String Conversion Convenience Functions
The IceUtil
namespace contains two helper functions that allow you to convert between narrow strings and UTF-8 encoded strings using a string converter:
std::string nativeToUTF8(const std::string&, const StringConverterPtr&); std::string UTF8ToNative(const std::string&, const StringConverterPtr&);
No conversion is performed when the provided string converter is null.
The IceUtil
namespace contains two additional helper functions that allow you to convert between wide strings and narrow strings using the provided string converters:
enum ConversionFlags { strictConversion, lenientConversion }; std::string wstringToString(const std::wstring&, const StringConverterPtr& = 0, const WstringConverterPtr& = 0, ConversionFlags = lenientConversion); std::wstring stringToWstring(const std::string&, const StringConverterPtr& = 0, const WstringConverterPtr& = 0, ConversionFlags = lenientConversion);
When the narrow string converter given to wstringToString
is null, the encoding of the returned narrow string is UTF-8. When the wide string converter given to wstringToString
is null, the encoding of wide string parameter is UTF-16 or UTF-32, depending on the size of wchar_t
.
Likewise for stringToWstring
, when the wide string converter is null, the encoding of the returned wide string is UTF-16 or UTF-32 depending on the size of wchar_t. When the narrow string converter given to stringToWstring
is null, the encoding of narrow string parameter is UTF-8.
When using the built-in converters (through null parameters), byte sequences that are illegal, such as 0xF4908080
, result in a UTFConversionException
. For other errors, the ConversionFlags
parameter determines how rigorously the functions check for errors.

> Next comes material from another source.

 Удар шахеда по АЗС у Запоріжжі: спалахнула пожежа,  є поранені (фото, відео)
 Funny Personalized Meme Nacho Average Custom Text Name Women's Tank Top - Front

When set to lenientConversion
(the default), the functions tolerate isolated surrogates and irregular sequences, and substitute the UTF-32 replacement character 0x0000FFFD
for character values above 0x10FFFF
. When set to strictConversion
, the functions do not tolerate such errors and throw a UTFConversionException
instead:
enum ConversionError { partialCharacter, badEncoding }; class UTFConversionException : public Exception { public: UTFConversionException(const char* file, int line, ConversionError r); ConversionError conversionError() const; // ... };
The conversionError
member function returns the reason for the failure:
partialCharacter
The UTF-8 source string contains a trailing incomplete UTF-8 byte sequence.
badEncoding
The UTF-8 source string contains a byte sequence that is not a valid UTF-8 encoded character, or the Unicode source string contains a bit pattern that does not represent a valid Unicode character.